Forbes Warns Against Timidity On Tax Cuts
April 5, 2001
Former GOP presidential candidate Steve Forbes is urging President George W. Bush to take a bolder stand on tax cuts -- and to increase substantially the size and scope of those he's proposing.
Forbes makes the point that previous across-the-board rate cuts always produced higher government revenues and stimulated the economy.
- Following President John F. Kennedy's steep rate reductions, federal receipts grew almost 40 percent over four years.
- After President Bill Clinton agreed in 1997 to cut the capital-gains tax rate from 28 percent to 20 percent, federal revenues resulting from that cut increased dramatically -- from $66 billion in 1996 to more than $100 billion in 1999.

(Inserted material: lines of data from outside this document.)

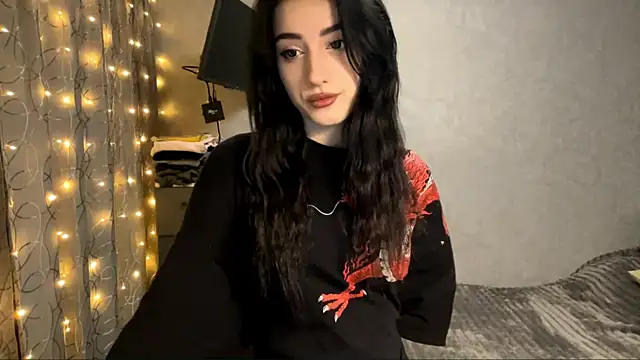 Snapshot of Meowluly chatting on 14, 12, 2025 Meowluly online show from 14, 12, 2025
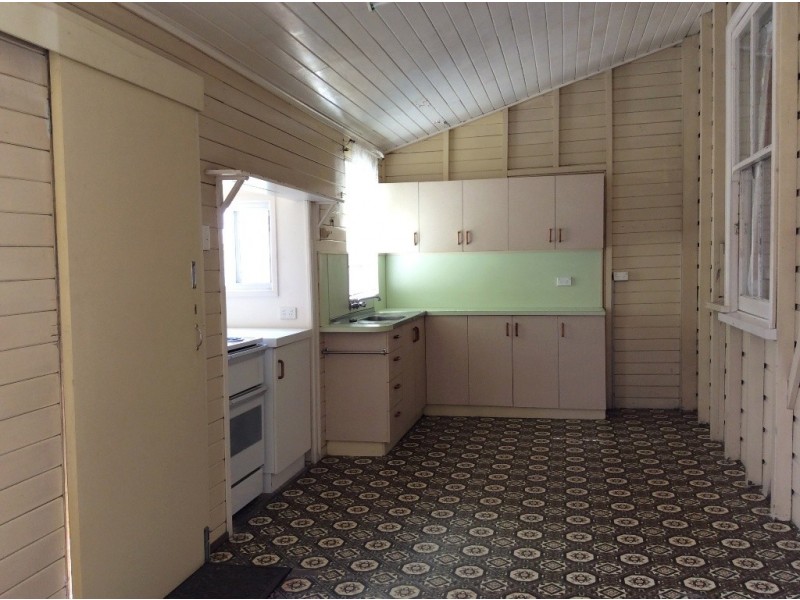 8 Nelson Street, Mackay QLD 4740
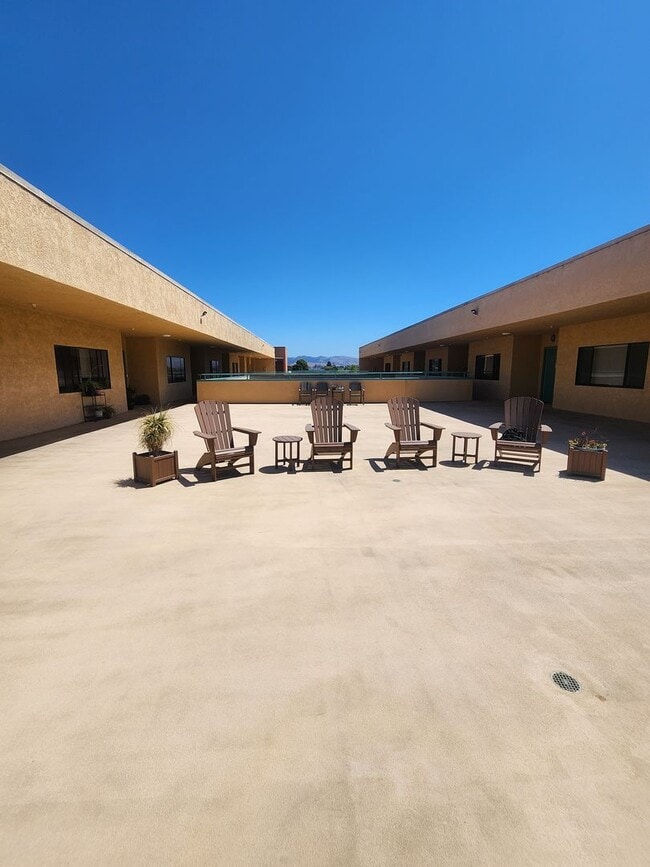 Building Photo - Comfortable One Bed, One Bath Apartment- W...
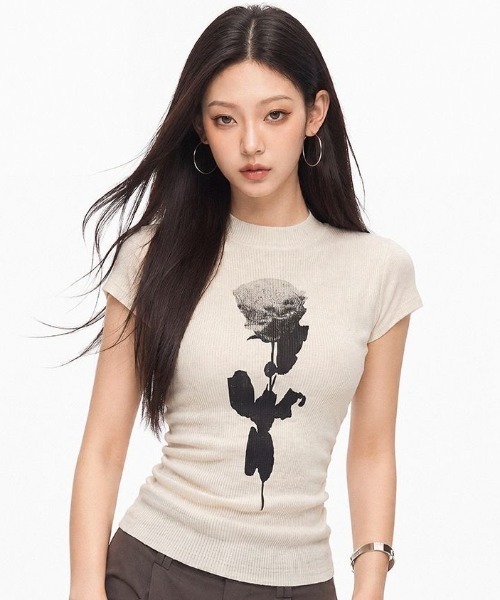 AVYL（アヴィル）の「ローズプリント リブニットコンパクトTシャツ（Tシャツ/カットソー・レディース・ブラック/ホワイト・M）」の16枚目の写真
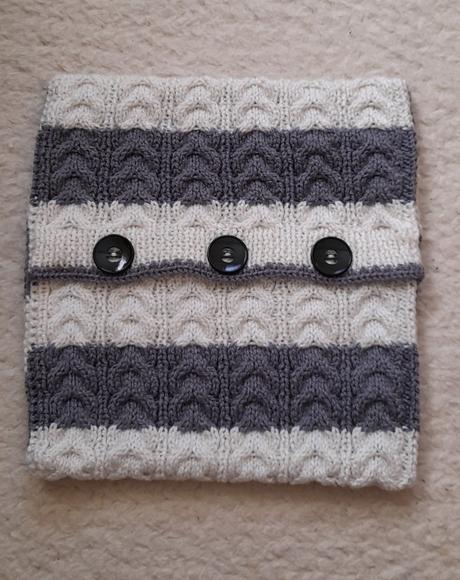 Copánkový povlak na polštář - bílo šedý pruh, 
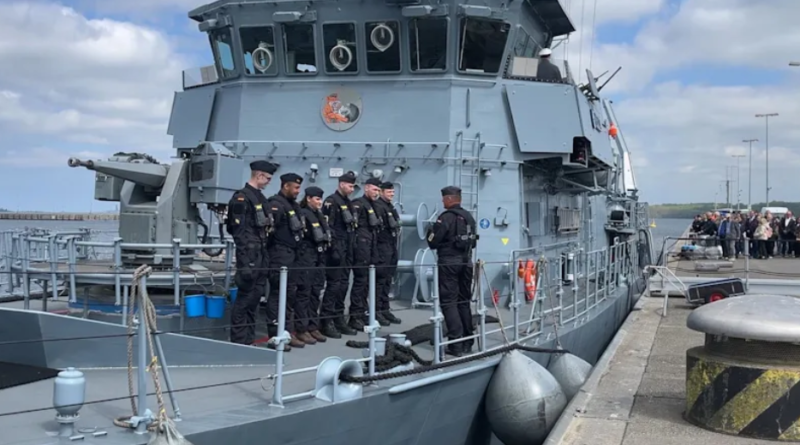 Germany Sends Naval Vessels to Red Sea Ahead of Potential Strait of Hormuz Security Mission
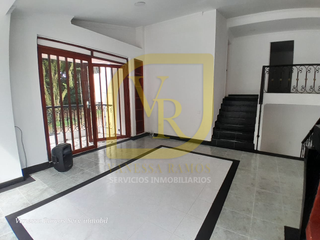 Foto 2 de Casa Para Uso Comercial en Alquiler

- Forbes predicts that if capital-gains realizations simply keep pace with gross domestic product growth over the next 10 years, the government will collect an additional $756 billion above and beyond the projected $5.6 trillion surplus.
- In 2011 alone, government revenues would be $115 billion higher than the $652 billion being projected by the Congressional Budget Office and the Joint Tax Committee.
Forbes also has nothing kind to say about "the crazy new suggestion of instant rebates." He also warns Republicans against triggers that would halt tax cuts if surpluses disappear -- calling such a plan "an invitation to a spending binge."
The additional tax cuts he proposes include eliminating the alternative minimum tax, increasing limits on funds to Roth IRAs and 401(k)s, extending the moratorium on Internet taxes and permitting mutual-fund shareholders to avoid taxes on their funds' capital gains until they sell their shares.